**EXERCISE GOAL**
Repeat exactly the lines of the entries below from the one with "5.34 ct. Blue" through the one with "Sejumlah peserta mengenakan", both ends included, and nothing else.

**DATA SUPPLIED**
>>>

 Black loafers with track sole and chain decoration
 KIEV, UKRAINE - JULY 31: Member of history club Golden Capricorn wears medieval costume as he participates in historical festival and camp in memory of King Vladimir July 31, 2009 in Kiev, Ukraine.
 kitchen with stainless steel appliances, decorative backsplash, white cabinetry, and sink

<<<
>>>

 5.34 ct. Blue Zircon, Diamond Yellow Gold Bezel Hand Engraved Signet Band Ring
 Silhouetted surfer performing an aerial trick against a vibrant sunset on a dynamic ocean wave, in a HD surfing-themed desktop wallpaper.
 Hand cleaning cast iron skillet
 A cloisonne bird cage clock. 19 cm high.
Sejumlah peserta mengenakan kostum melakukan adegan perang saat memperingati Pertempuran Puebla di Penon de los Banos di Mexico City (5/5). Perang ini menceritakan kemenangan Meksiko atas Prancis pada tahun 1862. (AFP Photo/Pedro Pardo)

<<<

**RESPONSE**
 5.34 ct. Blue Zircon, Diamond Yellow Gold Bezel Hand Engraved Signet Band Ring
 Silhouetted surfer performing an aerial trick against a vibrant sunset on a dynamic ocean wave, in a HD surfing-themed desktop wallpaper.
 Hand cleaning cast iron skillet
 A cloisonne bird cage clock. 19 cm high.
Sejumlah peserta mengenakan kostum melakukan adegan perang saat memperingati Pertempuran Puebla di Penon de los Banos di Mexico City (5/5). Perang ini menceritakan kemenangan Meksiko atas Prancis pada tahun 1862. (AFP Photo/Pedro Pardo)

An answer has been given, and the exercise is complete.